Marchese: With the 2021 publication of his unsettling book, How to Blow Up a Pipeline, Andreas Malm established himself as a leading thinker of climate radicalism….The book found an audience far beyond that of texts typically published by relatively obscure Marxist-influenced Swedish academics, earning thoughtful coverage in The New Yorker, The Economist, The Nation, The New Republic and a host of other decidedly nonradical publications, including this one….

Marchese added: It’s hard for me to think of a realm outside of climate where mainstream publications would be engaging with someone, like you, who advocates political violence. Why are people open to this conversation?

Perhaps because it’s appearing with the imprimatur of the New York Times?

One of Marchese’s pretentious sidebar footnotes provided a caveat: “Just to be explicit about this: Malm does not endorse or advocate any political violence that targets people.

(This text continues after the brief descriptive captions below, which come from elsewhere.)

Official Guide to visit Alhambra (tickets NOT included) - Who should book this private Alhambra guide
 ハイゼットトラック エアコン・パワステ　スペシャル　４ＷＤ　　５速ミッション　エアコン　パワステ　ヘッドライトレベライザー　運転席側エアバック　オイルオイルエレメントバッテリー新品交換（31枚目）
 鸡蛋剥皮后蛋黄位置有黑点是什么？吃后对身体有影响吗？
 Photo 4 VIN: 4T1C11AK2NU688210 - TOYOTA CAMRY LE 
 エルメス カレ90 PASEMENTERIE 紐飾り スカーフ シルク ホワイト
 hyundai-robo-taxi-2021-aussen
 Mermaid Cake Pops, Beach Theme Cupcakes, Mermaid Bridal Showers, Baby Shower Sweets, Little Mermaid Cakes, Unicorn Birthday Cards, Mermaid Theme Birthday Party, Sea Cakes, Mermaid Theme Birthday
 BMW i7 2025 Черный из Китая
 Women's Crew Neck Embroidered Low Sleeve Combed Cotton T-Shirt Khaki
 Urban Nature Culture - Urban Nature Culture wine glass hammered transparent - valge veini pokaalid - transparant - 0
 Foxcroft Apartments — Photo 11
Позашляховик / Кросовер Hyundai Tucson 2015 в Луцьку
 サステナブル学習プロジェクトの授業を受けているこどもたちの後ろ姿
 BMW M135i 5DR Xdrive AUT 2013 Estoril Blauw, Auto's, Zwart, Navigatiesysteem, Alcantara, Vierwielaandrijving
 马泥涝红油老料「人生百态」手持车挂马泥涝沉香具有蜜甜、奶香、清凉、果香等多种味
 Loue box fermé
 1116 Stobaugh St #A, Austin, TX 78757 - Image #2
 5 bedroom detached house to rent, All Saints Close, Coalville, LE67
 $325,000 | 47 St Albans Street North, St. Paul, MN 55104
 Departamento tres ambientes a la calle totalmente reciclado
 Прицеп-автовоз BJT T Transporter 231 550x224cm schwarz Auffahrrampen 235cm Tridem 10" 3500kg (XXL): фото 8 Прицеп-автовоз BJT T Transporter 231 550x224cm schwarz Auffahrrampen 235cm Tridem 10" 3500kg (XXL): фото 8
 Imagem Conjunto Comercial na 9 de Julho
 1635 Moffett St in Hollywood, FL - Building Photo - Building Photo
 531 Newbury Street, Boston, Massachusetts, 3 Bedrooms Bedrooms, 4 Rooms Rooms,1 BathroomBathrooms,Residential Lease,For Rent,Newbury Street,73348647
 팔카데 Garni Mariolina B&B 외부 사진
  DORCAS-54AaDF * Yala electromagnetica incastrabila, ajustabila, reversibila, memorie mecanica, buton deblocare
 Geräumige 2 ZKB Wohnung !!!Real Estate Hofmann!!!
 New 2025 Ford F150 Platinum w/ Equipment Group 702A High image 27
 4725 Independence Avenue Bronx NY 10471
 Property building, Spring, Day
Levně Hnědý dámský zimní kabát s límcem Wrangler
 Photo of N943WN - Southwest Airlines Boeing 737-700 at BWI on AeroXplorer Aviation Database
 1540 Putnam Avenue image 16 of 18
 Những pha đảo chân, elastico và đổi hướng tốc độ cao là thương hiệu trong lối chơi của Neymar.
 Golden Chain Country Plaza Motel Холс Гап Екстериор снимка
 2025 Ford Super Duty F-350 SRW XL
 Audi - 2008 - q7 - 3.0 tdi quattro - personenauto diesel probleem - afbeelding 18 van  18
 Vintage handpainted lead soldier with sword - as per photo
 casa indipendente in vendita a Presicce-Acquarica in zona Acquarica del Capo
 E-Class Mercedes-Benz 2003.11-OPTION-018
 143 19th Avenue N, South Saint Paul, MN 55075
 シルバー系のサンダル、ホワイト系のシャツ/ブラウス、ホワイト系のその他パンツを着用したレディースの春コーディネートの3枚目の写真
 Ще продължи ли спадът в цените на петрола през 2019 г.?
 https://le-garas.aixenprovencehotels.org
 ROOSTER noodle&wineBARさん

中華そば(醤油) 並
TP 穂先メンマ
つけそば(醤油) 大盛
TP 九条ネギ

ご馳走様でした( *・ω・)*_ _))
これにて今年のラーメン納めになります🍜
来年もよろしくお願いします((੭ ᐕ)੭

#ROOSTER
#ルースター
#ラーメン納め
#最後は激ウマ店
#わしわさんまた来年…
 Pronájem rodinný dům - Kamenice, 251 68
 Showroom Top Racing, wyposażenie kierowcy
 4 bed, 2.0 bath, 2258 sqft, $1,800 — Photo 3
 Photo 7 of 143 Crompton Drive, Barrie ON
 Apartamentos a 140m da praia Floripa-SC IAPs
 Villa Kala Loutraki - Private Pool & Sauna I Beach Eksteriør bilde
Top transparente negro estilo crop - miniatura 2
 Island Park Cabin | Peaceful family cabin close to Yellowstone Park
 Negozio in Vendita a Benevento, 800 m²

His aim is violence against property.”

Slashing tires doesn’t target people?

Marchese: How confident are you that when you open the door to political violence, it stays at the level of property and not people? You’ve written about the need to be careful, but the emotions that come with violence are not careful emotions.

Malm: Political history is replete with movements that have conducted sabotage without taking the next step. But the risk is there. One driver of that risk is that the climate crisis itself is exacerbating all the time. It’s hard-wired to get worse. So people might well get more desperate. Now, in the current situation, in every instance that I know of, climate movements that experiment with sabotage steer clear of deliberately targeting people. We might smash things, which people are doing here and there, but no one is seriously considering that you should get a gun and shoot people….

Thanks, we guess?

Marchese’s psyche was overwhelmed and he pleaded with Malm: “Could you give me a reason to live?” In a footnote Marchese admitted: “I just blurted this out. I don’t even think Malm’s pessimism is wrong, but I find it suffocating. People need hope.”

Things got positively Freudian as Malm explained: “I had a vicious Oedipal conflict with my father….”

Malm was cagey when asked if he “actually engaged in property destruction,” responding, “There are things that I have done when it comes to militant activism recently that I, as a matter of principle and political expediency, do not reveal.”